The answer must be an exact reprint of the lines from the one with "Proteggere il browser" through the final line of the data, with no pictures included.
───── Given information
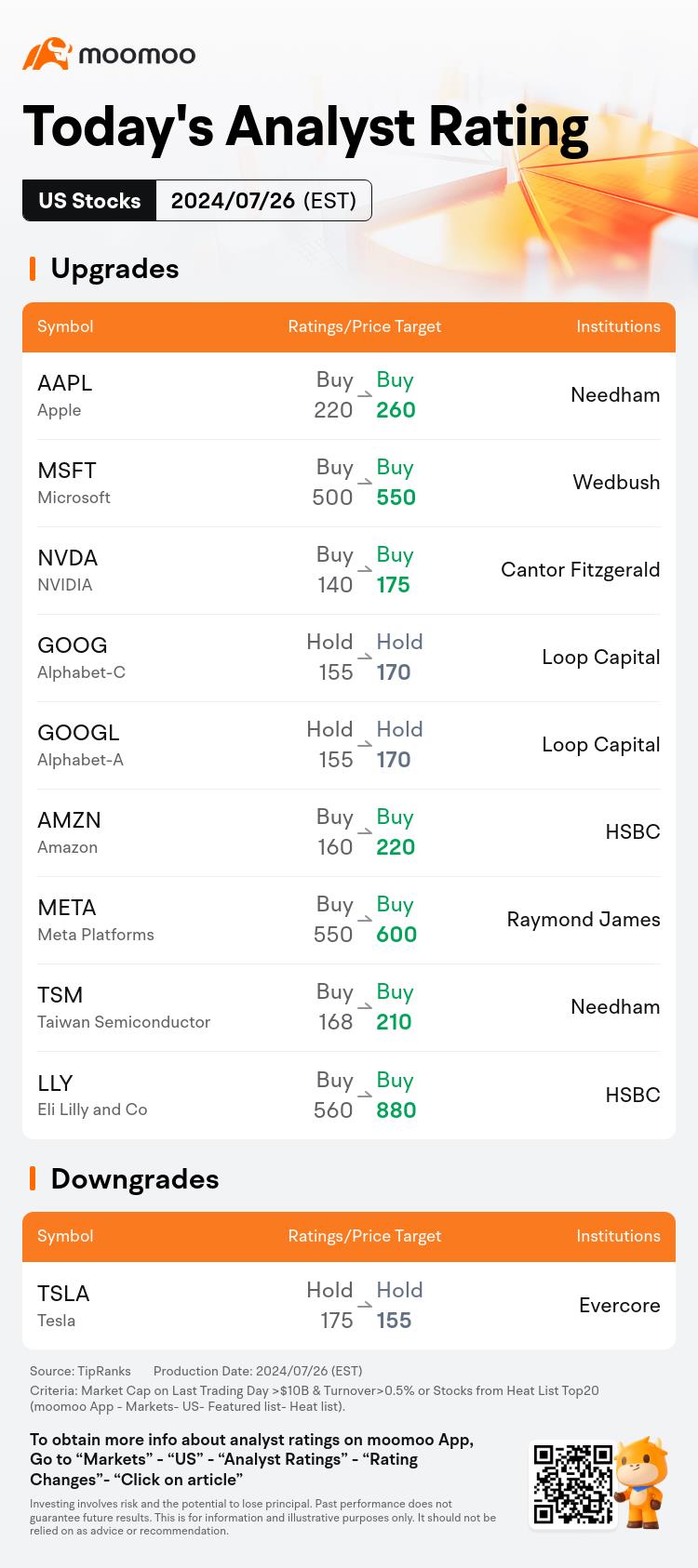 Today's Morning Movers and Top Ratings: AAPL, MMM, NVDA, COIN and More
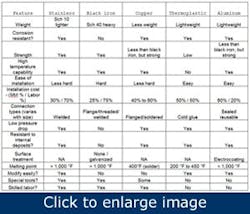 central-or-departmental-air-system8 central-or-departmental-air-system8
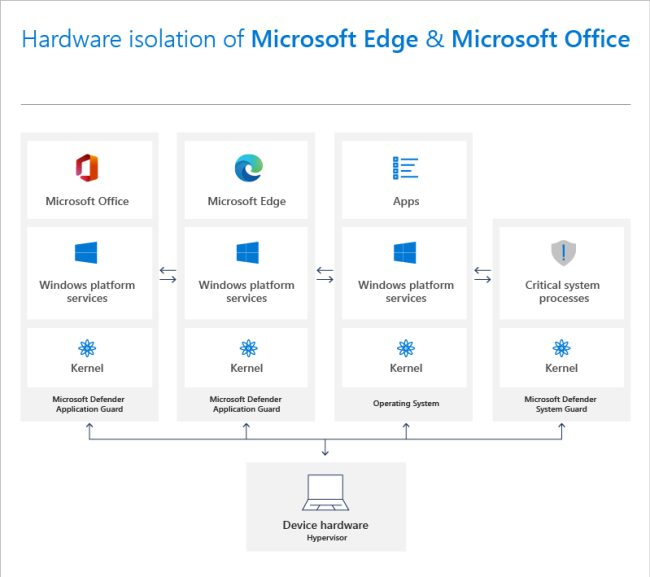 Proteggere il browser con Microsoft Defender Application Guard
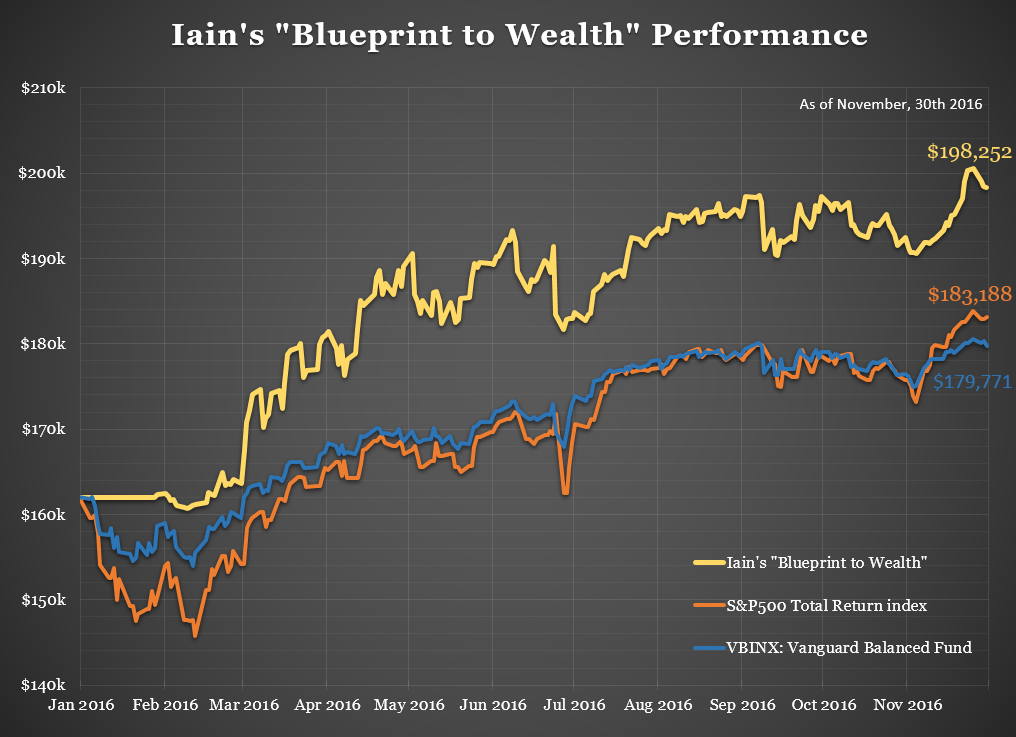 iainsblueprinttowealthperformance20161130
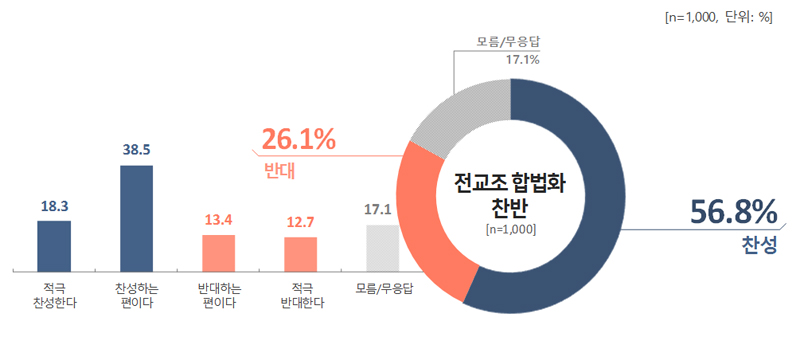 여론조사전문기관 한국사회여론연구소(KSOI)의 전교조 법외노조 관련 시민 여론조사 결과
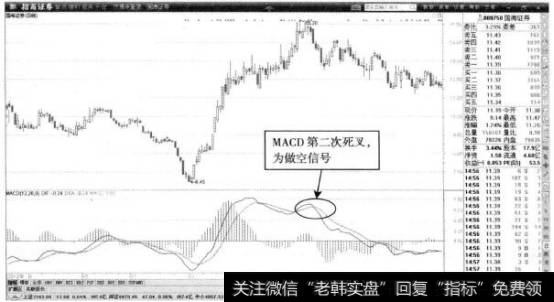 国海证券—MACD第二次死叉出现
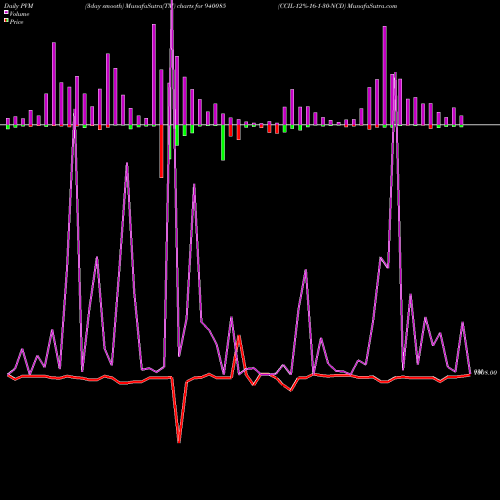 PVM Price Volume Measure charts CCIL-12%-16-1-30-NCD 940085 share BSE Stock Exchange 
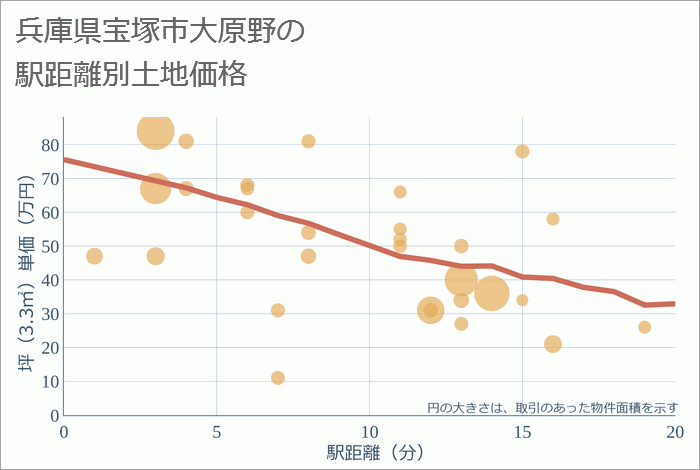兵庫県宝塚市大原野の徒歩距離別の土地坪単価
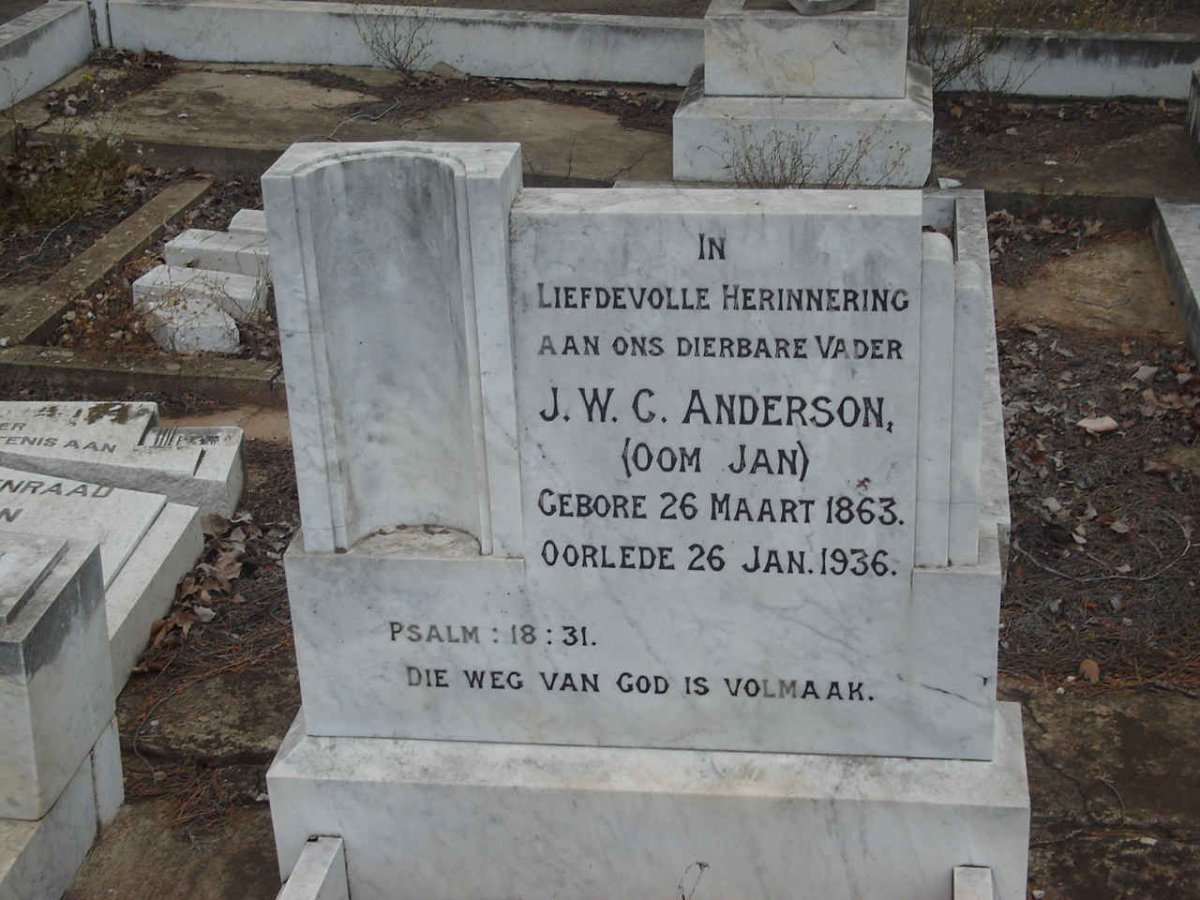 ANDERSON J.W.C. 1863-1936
──────────
#### [Solution to the exercise]
 Proteggere il browser con Microsoft Defender Application Guard
 iainsblueprinttowealthperformance20161130
 여론조사전문기관 한국사회여론연구소(KSOI)의 전교조 법외노조 관련 시민 여론조사 결과
 国海证券—MACD第二次死叉出现
 PVM Price Volume Measure charts CCIL-12%-16-1-30-NCD 940085 share BSE Stock Exchange 
兵庫県宝塚市大原野の徒歩距離別の土地坪単価
 ANDERSON J.W.C. 1863-1936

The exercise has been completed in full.